> **ABOUT THIS EXERCISE**
Reproduce only the lines of the material below that start at the line containing "321 Columbus Avenue Pawtucket RI 02861" and stop at the line containing "並び合う二八ざるとざるそば". Keep both end lines.
[Opening DATA TO PROCESS section]
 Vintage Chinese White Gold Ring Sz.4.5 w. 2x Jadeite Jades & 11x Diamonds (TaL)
[Closing DATA TO PROCESS section]
[Opening DATA TO PROCESS section]
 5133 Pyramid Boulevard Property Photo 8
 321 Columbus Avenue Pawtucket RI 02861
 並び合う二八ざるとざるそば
[Closing DATA TO PROCESS section]
[Opening DATA TO PROCESS section]
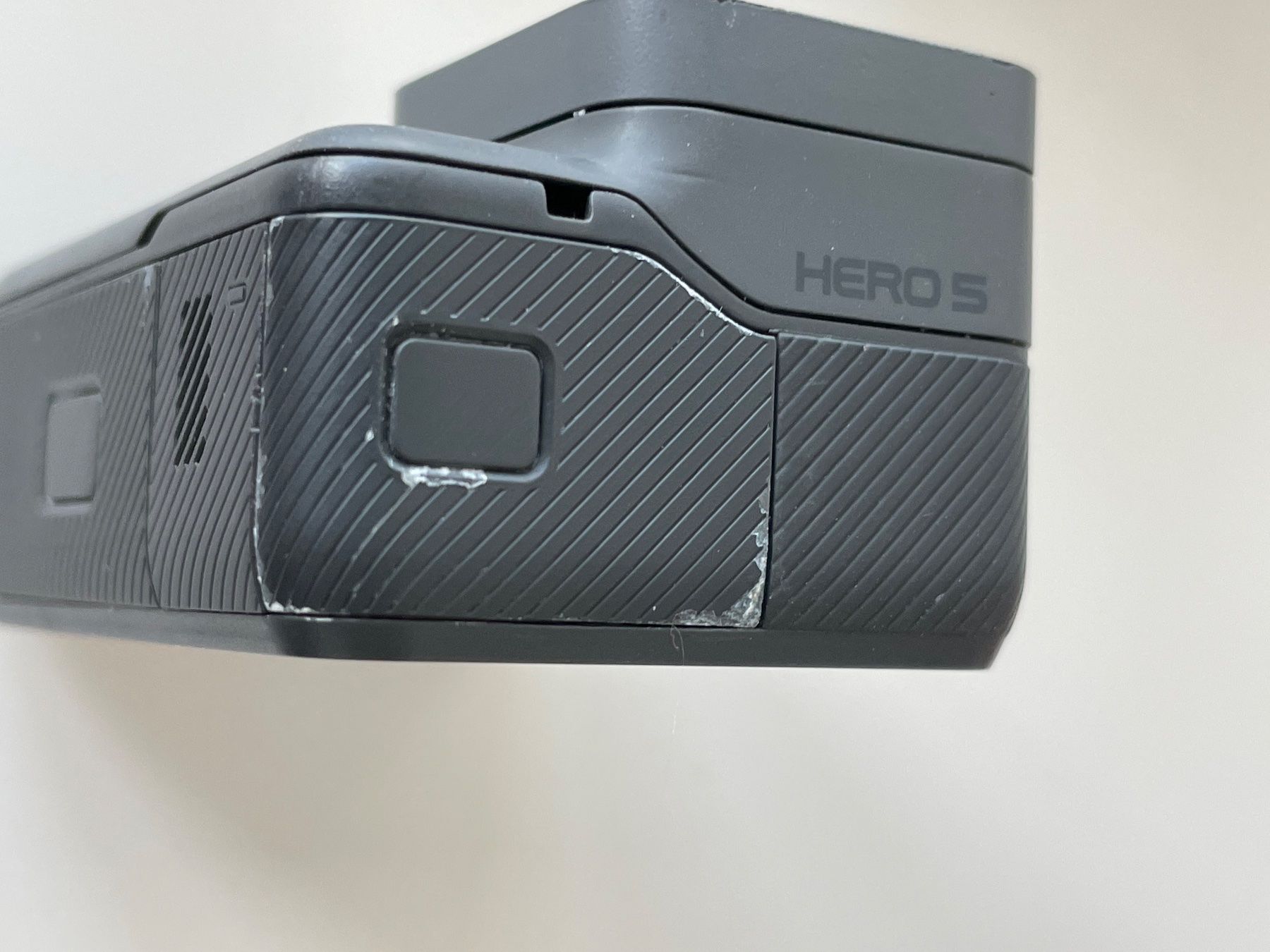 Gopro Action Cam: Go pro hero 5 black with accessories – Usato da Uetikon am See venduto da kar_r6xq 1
[Closing DATA TO PROCESS section]
> **RESPONSE TO THE EXERCISE**
 321 Columbus Avenue Pawtucket RI 02861
 並び合う二八ざるとざるそば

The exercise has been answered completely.